NEW YORK – An American woman with dual Greek nationality working for Facebook’s parent company Meta while in Greece had her phone tapped by the National Intelligence Service EYP and infected with Predator spyware, the New York Times reported.
Artemis Seaford worked from 2020-22 as a Trust and Safety Manager for Meta while partly living in Greece, the report said, adding the simultaneous bugging of her phone and the way she was hacked “indicate that the spy service and whomever implanted the spyware … were working hand in hand.”
The New Democracy government of Prime Minister Kyriakos Mitsotakis, who has been trying to fend off a surveillance scandal that broke with news that 15,475 people had their phones monitored by EYP, has denied using Predator.
Government spokesman Giannis Oikonomou told the paper in an email that, “The Greek authorities and security services have at no time acquired or used the Predator surveillance software. To suggest otherwise is wrong.”
The government has said that someone else is using Predator – which had for a time been licensed in Greece and exported to other countries to spy on people – and Oikonomou added that, “The alleged use of this software by nongovernmental parties is under ongoing judicial investigation.”
He also noted that Greece was among the first countries in Europe to ban the sale, use or possession of spyware after the scandal put pressure on the government, which is ratcheting up again with elections coming.
“The same legislation includes provisions on restructuring of the National Intelligence Service, additional safeguards for legal surveillance and modernizing procedures on confidentiality of communications,” said Oikonomou.
But the Times said there are connections between the phone bugging and spyware infection that point toward it being done by EYP.
“It appears that information gleaned from the wiretap may have assisted the ruse used to implant the spyware,” the report said, adding that was based on a timeline established by the Citizen Lab at the University of Toronto, the world’s foremost forensics experts on spyware, submitted to a Greek prosecutor.
The lab report was reviewed by the newspaper which said the analysis found her mobile phone had been hacked with Predator in September 2021 for at least two months – before the surveillance scandal broke out and before Mitsotakis said he knew how widespread bugging was.
The paper said that two sources it didn’t identify, with direct knowledge of the case, said her phone was tapped by EYP from August, 2021 – the month before the spyware was installed – and for several months into 2022.

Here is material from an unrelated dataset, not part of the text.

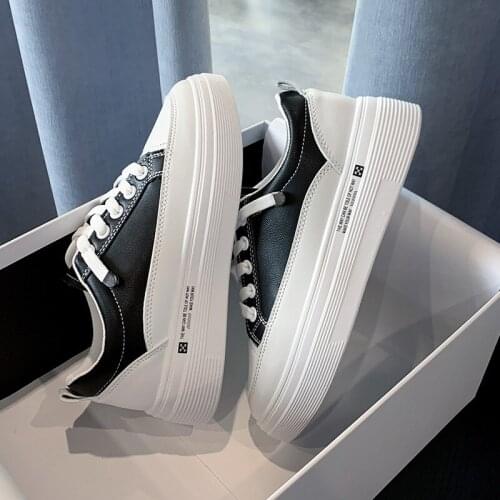 PU White Sneakers Womens Shoes 2020 Summer Casual Shoes Woman Snekaers Platform Women Casual Sneaker Slip On Ladies Shoe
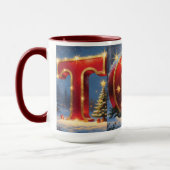Christmas TOY Mug Holiday Kids & Sparkling Letters Mok (Links)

Seaford said she took her phone to the lab after she saw her name on a leaked list of spyware targets in the Greek news media in November, 2022, the government saying no names could be revealed, but that all the targets were being scrutinized for “national security” reasons.
IN THE NATIONAL INTEREST
“In my case, I do not know why I was targeted, but I cannot see any reasonable national security concerns behind it,” she said, and no charges have been brought against her nor has she been asked to cooperate in any investigation.
She filed a suit in Athens trying to find out who was behind the bugging and hacking, which requires prosecutors to open an investigation. But a change in Greek law brought when the surveillance scandal broke means she would have to wait three years to find out why she was bugged.
“Targets of abusive surveillance should have the right to know what happened to them and have means of redress just like every other crime,” she told the paper in an interview.
In September 2021, Seaford booked an appointment for a booster shot of the COVID-19 vaccine through the official Greek government vaccination platform and received an automated SMS with details, the report said.
Five hours later she got another text, documents showed, asking her to confirm the appointment by clicking on a link, the tactic used by Predator to infect a phone.
That put her phone and its data – including conversations, texts, videos, messages and personal information – in the hands of whomever had hacked into it.
“The details for the vaccination appointment in the infected text message were correct, indicating that someone had reviewed the authentic earlier confirmation and drafted the infected message accordingly,” the paper said.
It added that the sender also appeared to be the state vaccine agency, while the infected URL mimicked that of the vaccination platform.
“My hope is that my case and others like mine will not just be instrumentalized, shut down to avoid political cost for some, or, conversely, elevated for the political gain of others,” she said.
In her role at Meta, Seaford worked on policy questions relating to cybersecurity and she also maintained working relations with Greek as well as other European officials, the paper said.
But the report also noted the disclosure is “the first known case of an American citizen being targeted in a European Union country by the advanced snooping technology,” which could add to pressure on Mitsotakis ahead of elections.
It added that her case “demonstrates that the illicit use of spyware is spreading beyond use by authoritarian governments against opposition figures and journalists, and has begun to creep into European democracies, even ensnaring a foreign national working for a major global corporation.”